Reputation: 8366
Is there any way to add a column to the result of the broom package's tidy
function that can act relate the term column back to both the original names used in the formula
argument and their columns in the data
argument.
For example if I run the following I get:
library(ggplot2)
library(dplyr)
mod <- glm(mpg ~ wt + qsec + as.factor(carb), data = mtcars)
tidy(mod)
# term estimate std.error statistic p.value
# 1 (Intercept) 21.132995090 7.5756463 2.78959633 1.017187e-02
# 2 wt -4.916303175 0.6747590 -7.28601380 1.584408e-07
# 3 qsec 0.843355538 0.3930252 2.14580532 4.221188e-02
# 4 as.factor(carb)2 0.004133826 1.5321134 0.00269812 9.978695e-01
# 5 as.factor(carb)3 -0.755346006 2.3451222 -0.32209239 7.501715e-01
# 6 as.factor(carb)4 -0.489721798 2.0628564 -0.23739985 8.143615e-01
# 7 as.factor(carb)6 -0.886846134 3.4443957 -0.25747510 7.990068e-01
# 8 as.factor(carb)8 -0.894783610 3.7496630 -0.23863041 8.134180e-01
What I am looking for is something like this:
# term estimate std.error statistic p.value term_base
# 1 (Intercept) 21.132995090 7.5756463 2.78959633 1.017187e-02
# 2 wt -4.916303175 0.6747590 -7.28601380 1.584408e-07 wt
# 3 qsec 0.843355538 0.3930252 2.14580532 4.221188e-02 qsec
# 4 as.factor(carb)2 0.004133826 1.5321134 0.00269812 9.978695e-01 carb
# 5 as.factor(carb)3 -0.755346006 2.3451222 -0.32209239 7.501715e-01 carb
# 6 as.factor(carb)4 -0.489721798 2.0628564 -0.23739985 8.143615e-01 carb
# 7 as.factor(carb)6 -0.886846134 3.4443957 -0.25747510 7.990068e-01 carb
# 8 as.factor(carb)8 -0.894783610 3.7496630 -0.23863041 8.134180e-01 carb
Not so bothered if the first row in this new column is empty, Intercept
or 1
. Just need something that can match the term column to the original variable names passed to the formula?
Edit
Would be good if it didn't depend on using as.factor
in the formula, e.g. would work on:
mod <- glm(mpg ~ wt + qsec + carb, data = mtcars %>% mutate(carb = factor(carb)))
tidy(mod)
# term estimate std.error statistic p.value
# 1 (Intercept) 21.132995090 7.5756463 2.78959633 1.017187e-02
# 2 wt -4.916303175 0.6747590 -7.28601380 1.584408e-07
# 3 qsec 0.843355538 0.3930252 2.14580532 4.221188e-02
# 4 carb2 0.004133826 1.5321134 0.00269812 9.978695e-01
# 5 carb3 -0.755346006 2.3451222 -0.32209239 7.501715e-01
# 6 carb4 -0.489721798 2.0628564 -0.23739985 8.143615e-01
# 7 carb6 -0.886846134 3.4443957 -0.25747510 7.990068e-01
# 8 carb8 -0.894783610 3.7496630 -0.23863041 8.134180e-01
Upvotes: 2
Views: 110
Reputation: 887118
We can use regex to create the 'term_base' column
tidy(mod) %>%
mutate(term_base = sub("Intercept", "", gsub(".*\\(|\\).*", "", term)))

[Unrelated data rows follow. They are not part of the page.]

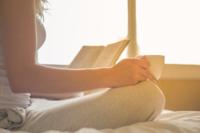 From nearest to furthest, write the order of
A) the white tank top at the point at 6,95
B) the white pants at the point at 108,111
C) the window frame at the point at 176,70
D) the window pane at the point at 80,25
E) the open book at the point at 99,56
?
the white pants at the point at 108,111 < the white tank top at the point at 6,95 < the open book at the point at 99,56 < the window frame at the point at 176,70 < the window pane at the point at 80,25

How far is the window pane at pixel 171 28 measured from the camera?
2023 millimetres

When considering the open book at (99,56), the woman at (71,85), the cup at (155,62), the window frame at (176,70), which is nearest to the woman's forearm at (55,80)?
the woman at (71,85)

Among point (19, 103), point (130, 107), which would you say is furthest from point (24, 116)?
point (130, 107)

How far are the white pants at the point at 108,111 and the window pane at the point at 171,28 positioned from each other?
131cm

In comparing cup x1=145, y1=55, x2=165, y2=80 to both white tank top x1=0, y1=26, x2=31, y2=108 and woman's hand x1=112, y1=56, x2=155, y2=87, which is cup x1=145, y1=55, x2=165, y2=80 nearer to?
woman's hand x1=112, y1=56, x2=155, y2=87

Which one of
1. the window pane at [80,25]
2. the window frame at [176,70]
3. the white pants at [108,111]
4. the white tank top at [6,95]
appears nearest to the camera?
the white pants at [108,111]

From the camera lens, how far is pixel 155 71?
87 centimetres

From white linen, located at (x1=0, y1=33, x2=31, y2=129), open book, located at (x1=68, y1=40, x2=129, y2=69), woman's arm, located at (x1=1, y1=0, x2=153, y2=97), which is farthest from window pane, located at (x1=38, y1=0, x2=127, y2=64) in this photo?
woman's arm, located at (x1=1, y1=0, x2=153, y2=97)

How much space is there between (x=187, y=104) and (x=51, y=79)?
1353mm

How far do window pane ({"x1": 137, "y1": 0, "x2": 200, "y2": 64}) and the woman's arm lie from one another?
1.30 meters

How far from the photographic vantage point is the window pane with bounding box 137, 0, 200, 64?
2.02 metres

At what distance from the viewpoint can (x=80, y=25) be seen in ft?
6.79

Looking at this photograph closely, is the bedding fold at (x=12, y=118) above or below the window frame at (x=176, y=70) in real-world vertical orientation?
above

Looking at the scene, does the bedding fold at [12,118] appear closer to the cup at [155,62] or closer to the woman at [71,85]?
the woman at [71,85] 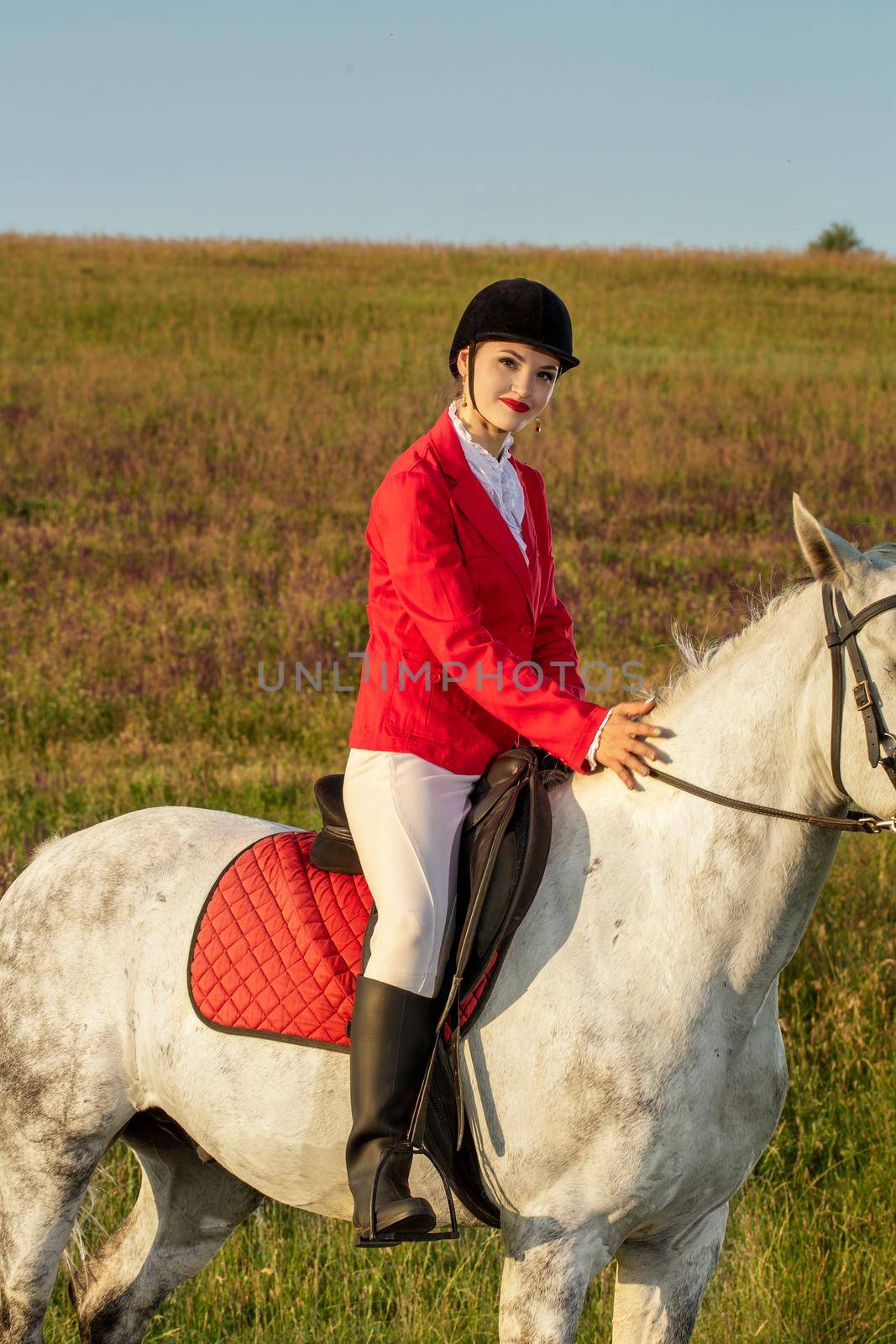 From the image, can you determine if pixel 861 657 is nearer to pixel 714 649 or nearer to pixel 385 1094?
pixel 714 649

# term estimate std.error statistic p.value term_base
#1 (Intercept) 21.132995090 7.5756463 2.78959633 1.017187e-02
#2 wt -4.916303175 0.6747590 -7.28601380 1.584408e-07 wt
#3 qsec 0.843355538 0.3930252 2.14580532 4.221188e-02 qsec
#4 as.factor(carb)2 0.004133826 1.5321134 0.00269812 9.978695e-01 carb
#5 as.factor(carb)3 -0.755346006 2.3451222 -0.32209239 7.501715e-01 carb
#6 as.factor(carb)4 -0.489721798 2.0628564 -0.23739985 8.143615e-01 carb
#7 as.factor(carb)6 -0.886846134 3.4443957 -0.25747510 7.990068e-01 carb
#8 as.factor(carb)8 -0.894783610 3.7496630 -0.23863041 8.134180e-01 carb
The as.factor
can be removed from the 'term' as well if we mutate
the 'carb' to factor
before the glm
step
mtcars %>%
mutate(carb = factor(carb)) %>%
glm(formula = mpg ~wt + qsec + carb, data = .) %>%
tidy(.) %>%
mutate(term_base = sub("\\(.*\\)|\\d+", "", term))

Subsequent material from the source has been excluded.